IT'S a non-starter, of course. And Tricia Marwick, Holyrood's Presiding Officer, accepted as much even as she explained her support for a second chamber, fulfilling a similar role to the House of Lords, at the Scottish Parliament.

The difficulties are well understood.

There is the obvious political obstacle, for a start. Could you see voters flocking to the banner of a party that wants to spend millions of pounds creating more politicians?

Then there are the practical problems. How to elect or appoint a second chamber that would not challenge the primacy of the parliament, for instance?

So it's off the agenda, as Ms Marwick acknowledged during an event organised by parliamentary journalists to mark her imminent retirement.

But the fact she was talking about it at all spoke volumes.
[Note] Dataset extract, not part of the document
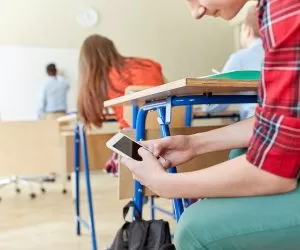 12 Side Effects of Mobile Phones on Students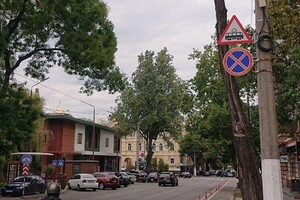 На Краснова и Шмидта обновили велополосы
It underlined powerfully her main message of the evening: the need to reform Holyrood's committee system to ensure that ministers are held to account and that legislation is scrutinised, revised and revisited much more effectively than at present.

It's a long time since the committees were described as the jewel in the crown at Holyrood.

The advent of majority government five years ago gave the SNP a stranglehold over the committees and it turned out the party's MSPs were not afraid to use it.

There have been numerous gripes about the party of government using its majority on the committees to water down reports, block potentially embarrassing inquiries or even put questions to minsters that had been prepared in advance by the same ministers' spin doctors.

The most recent example is probably the worst.

In a report in January, Holyrood's Finance Committee called for the new Scottish Fiscal Commission to be beefed up. It was a sensible, indeed essential recommendation.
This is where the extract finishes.